Greatest Hits! of Tatsuro Yamashita is the first greatest hits album by Japanese singer-songwriter Tatsuro Yamashita, released in July 1982.

Overview
The album consists of Yamashita's songs mostly included on his previous six albums ranging from Circus Town to For You. The only song not included in any album is Amaku Kiken na Kaori which is only released as a single and a re-recording of Funky Flushin'. According to Yamashita, "Greatest Hits" is just a mundane joke that I thought of as a western music lover. The original album release (RAL-8803) included Yamashita's biography, discography, and various photographs in the form of a booklet.

Lawsuit
In 1990, BMG Victor told Yamashita of its plans to release the album, and it asked Smile to provide technical help for the project. Smile agreed, and in September 1990 the album was released (BVCR-2505) with the phrase "the only album authorized by Tatsuro Yamashita" displayed on the "obi strip". It was not until February 1991 that when Yamashita received a fan letter complaining that some songs of the album's 12 tracks were different from the previous versions. Claiming the record company had engaged in false advertising, Yamashita and his production company hired attorney Atsushi Naito, and in February 1991 they sent BMG Victor a cease and desist letter.

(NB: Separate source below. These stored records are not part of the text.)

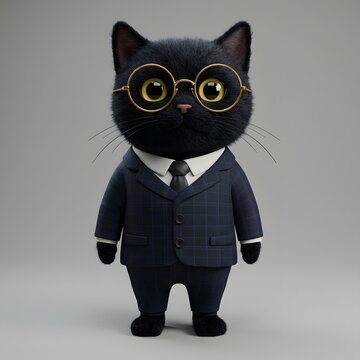 3D Black Cat wearing a dark blue suit with a white shirt and black tie, and it is also wearing round, gold-rimmed glasses.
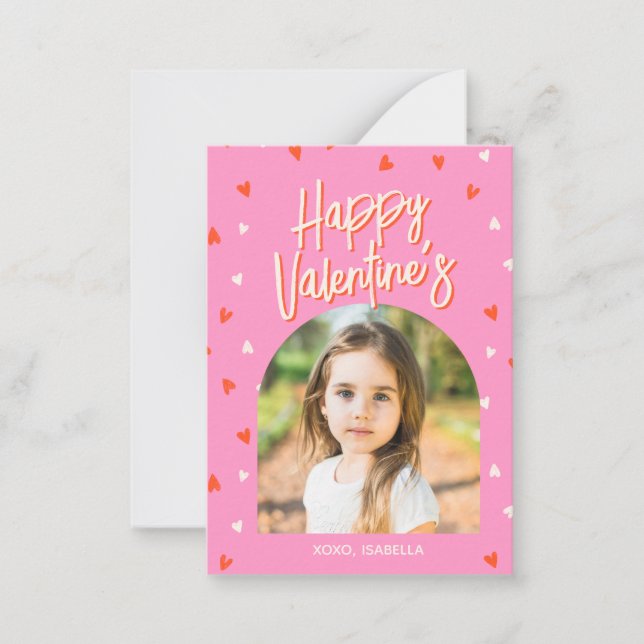 Personalised Cute Valentines Photo Classroom Card (Front)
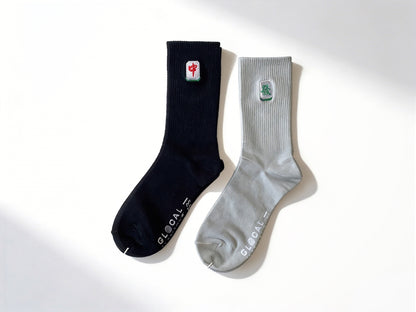 Glocal Mahjong Brand Embroidered Socks (2 Colors)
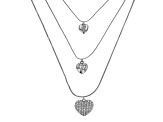 White Crystal Silver tone Heart Necklace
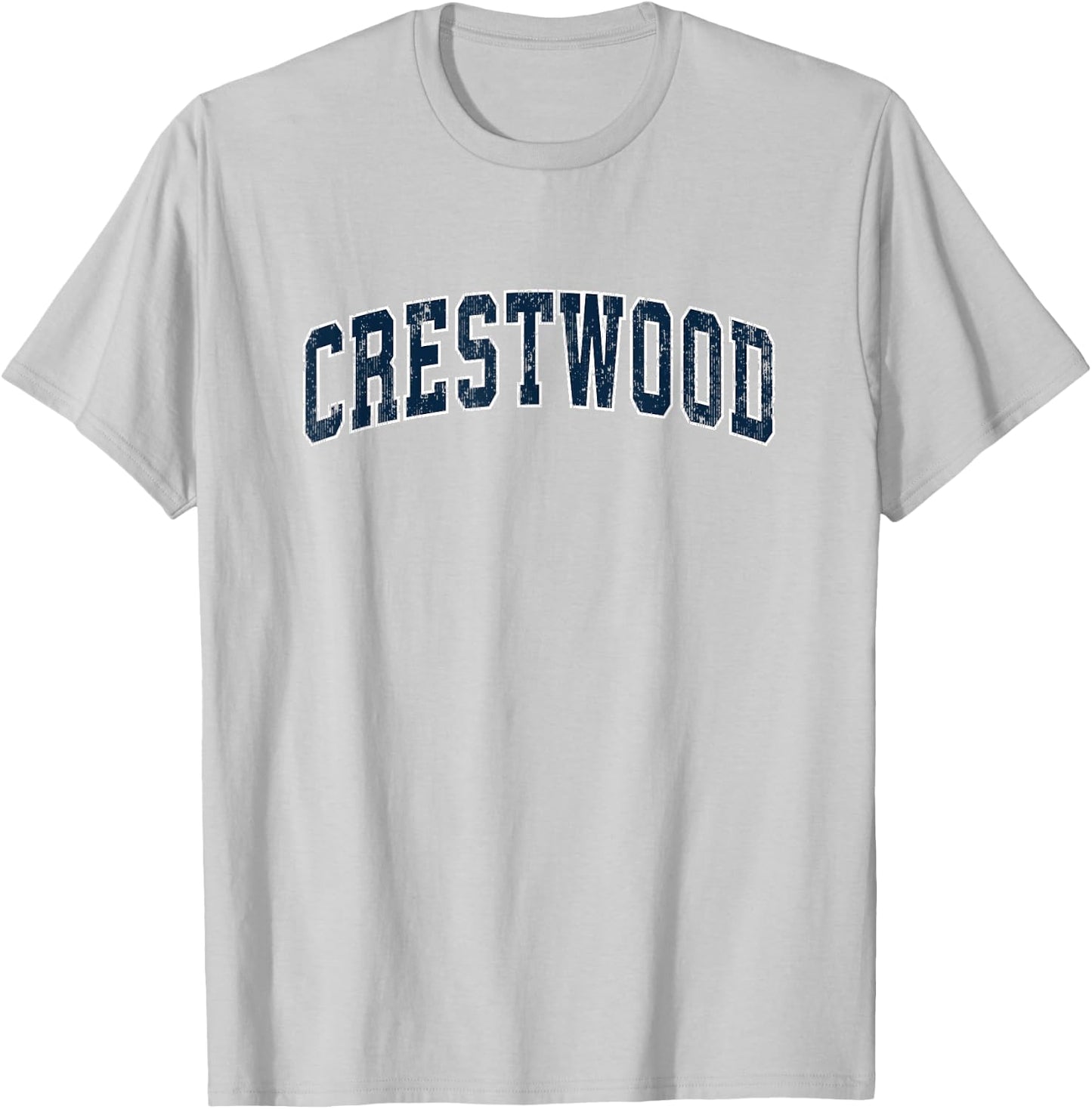 Crestwood Missouri MO Vintage Sports Design Navy Design T-Shirt - T-Shirt | Ash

Changes in this release are:
Amaku Kiken na Kaori was taken from the 1984 compilation album Come Along II and DJ Katsuya Kobayashi can be heard in the intro.
Ride on Time was replaced from the single version to the album version.
Funky Flushin' was taken from the studio album Moonglow.
Bomber uses the sound taken from the 1980 compilation album Come Along and DJ Katsuya Kobayashi can once again be heard in the intro
Solid Slider was replaced from the 3 min. version to the 7 min. version from Spacy
Interlude B Part II from For You is included at the beginning before Your Eyes.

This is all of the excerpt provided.